The Supreme Court of Canada has ruled that defendants charged with violent crimes such as homicide and sexual assault can use self-induced extreme intoxication as a defence, striking down a federal law backed by women’s advocacy groups .
The Supreme Court said on Friday that a law passed by Parliament in 1995 that bars the defense was unconstitutional and violates the country’s Charter of Rights and Freedoms.
“Its impact on the principles of fundamental justice is disproportionate to its overriding public benefits. It should therefore be declared unconstitutional and of no force or effect,” writing for a unanimous Supreme Court, Justice Nicholas Kasirer said of the law.

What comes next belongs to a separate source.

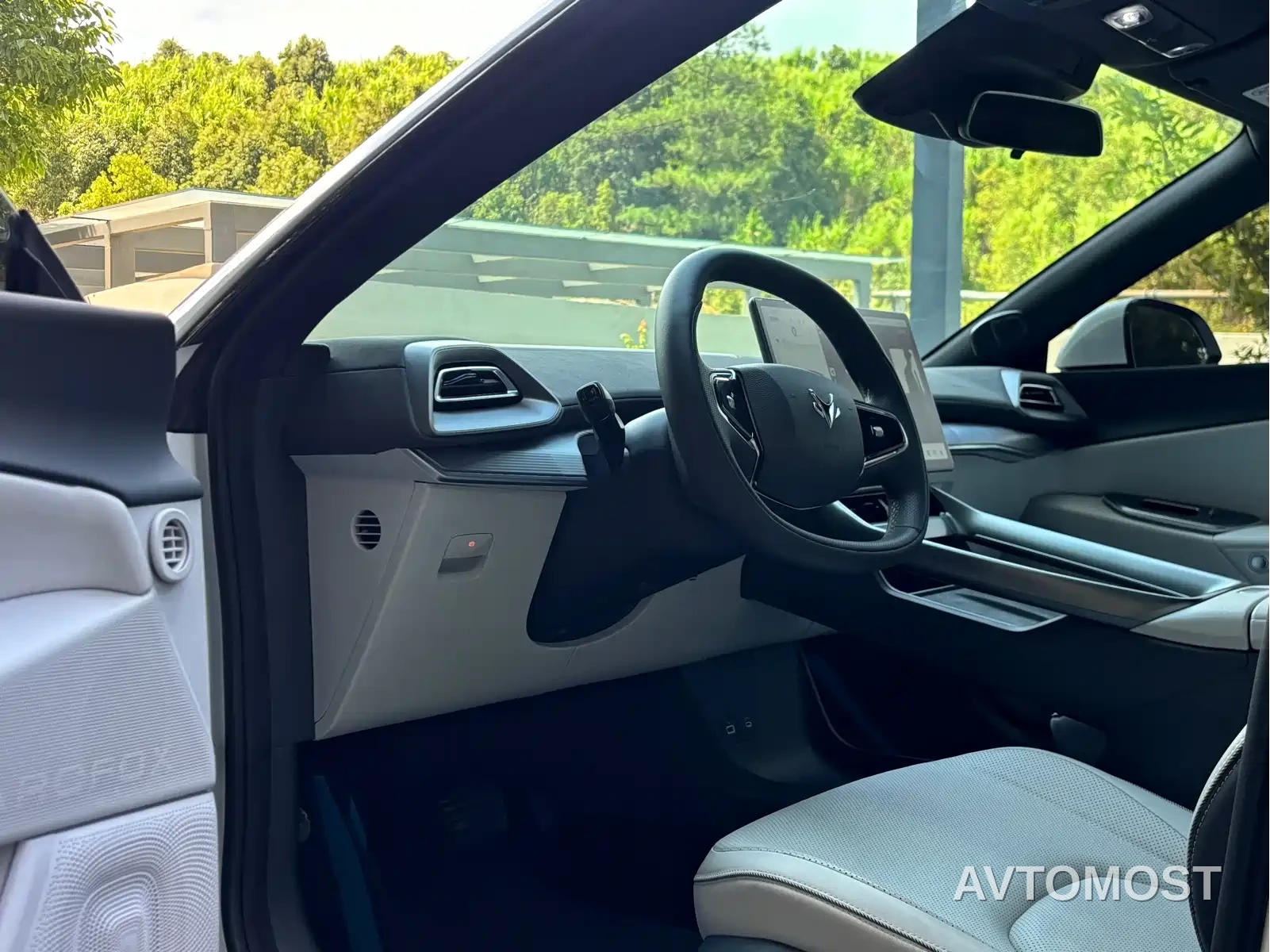 Arcfox Alpha S5 2025 Model 560PRO 185kW — фото 4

At issue was whether defendants charged with a violent crime in criminal court can raise extreme intoxication – known as “non-mental disorder automatism” – as a defence.
By doing so, the defendants can claim that their actions were involuntary due to the use of drugs or alcohol and, therefore, they cannot be held criminally responsible for their actions.

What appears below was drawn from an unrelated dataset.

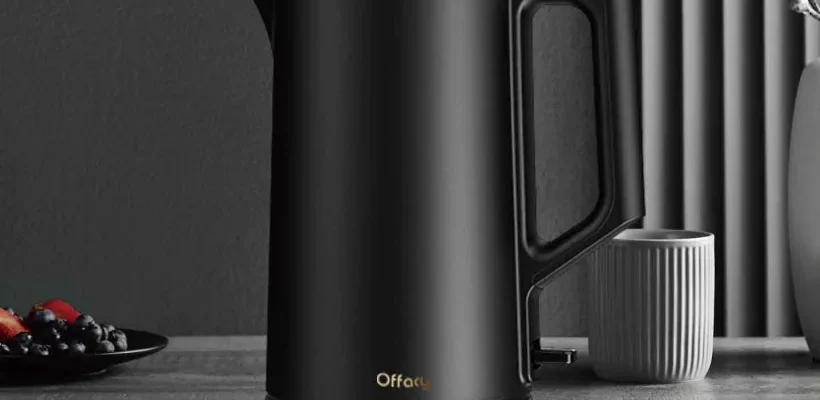 Offacy KD-2028 Electric Kettle feat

The court said it is the law in Canada that intoxication unless automatism is no defense for the kind of violent crime at issue.
Canadian courts are divided on the issue, while women’s advocacy groups have said the law is needed to protect women and children because violence disproportionately affects them.

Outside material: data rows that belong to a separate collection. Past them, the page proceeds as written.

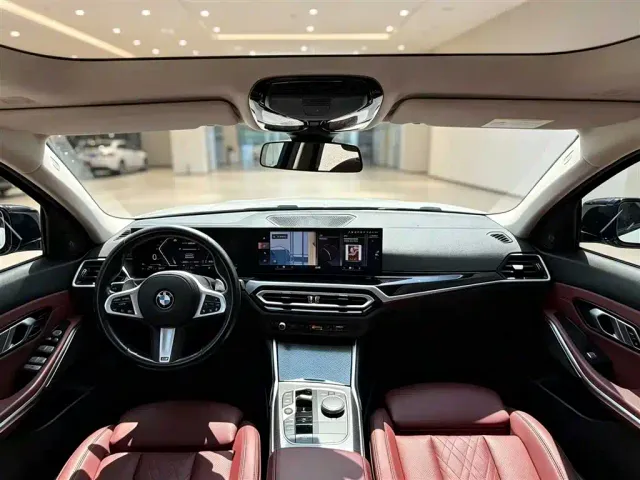 BMW 3 Series — Фото автомобиля 7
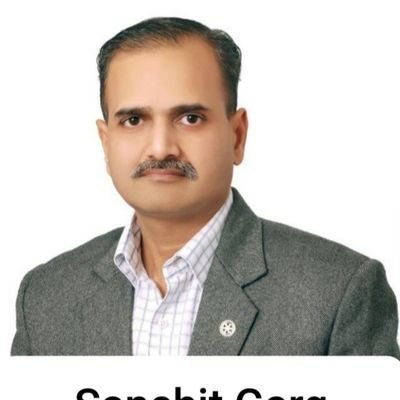 SanchitRajGarg's profile picture. 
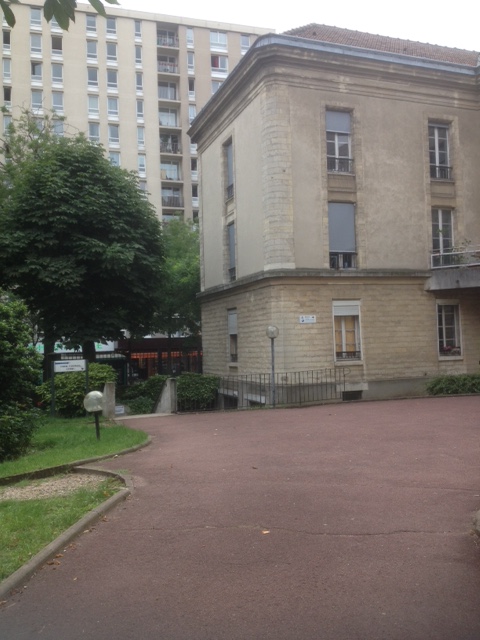 Photo de Logements Tisserand, Résidence autonomie à PARIS
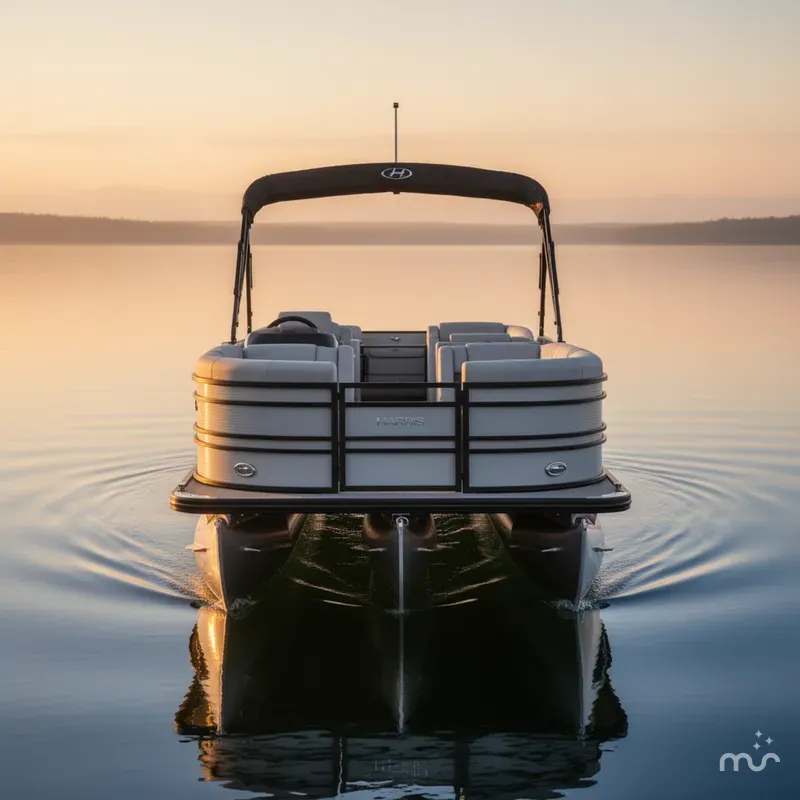 Slide: The Image of Harris Sunliner 230 CW 2022 - 1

Four out of five victims of domestic violence were women, and women were five times more likely to experience sexual assault in 2019, according to Canadian government data.
The issue came to the Supreme Court last fall when the justices heard arguments about the law’s constitutionality in three separate cases. In Friday’s ruling, the court said a trial could be ordered in one of the cases while reinstating an acquittal in another.
The third case involved David Sullivan, who attempted suicide on December 1, 2013 by taking a prescription drug known to cause psychosis. In a psychotic state, he stabbed his mother, who he thought was an alien. Sullivan was convicted of aggravated assault and assault with a weapon after the judge ruled he could not use an extreme intoxication defence.
The appeals court, however, declared the Extreme Intoxication Act unconstitutional and acquitted Sullivan on both counts. Prosecutors appealed the decision to the Supreme Court, which upheld his acquittal in Friday’s ruling.
Kasirer wrote that there are other avenues for parliament to achieve its goals of addressing extreme drunken violence.
In 1994, the Supreme Court ruled in favor of an extreme intoxication defense by a suspect accused of sexually assaulting a woman in a wheelchair while intoxicated.
In response to the Supreme Court’s decision, the Parliament of Canada passed a law prohibiting defendants from using extreme intoxication as a defense in violent crime cases.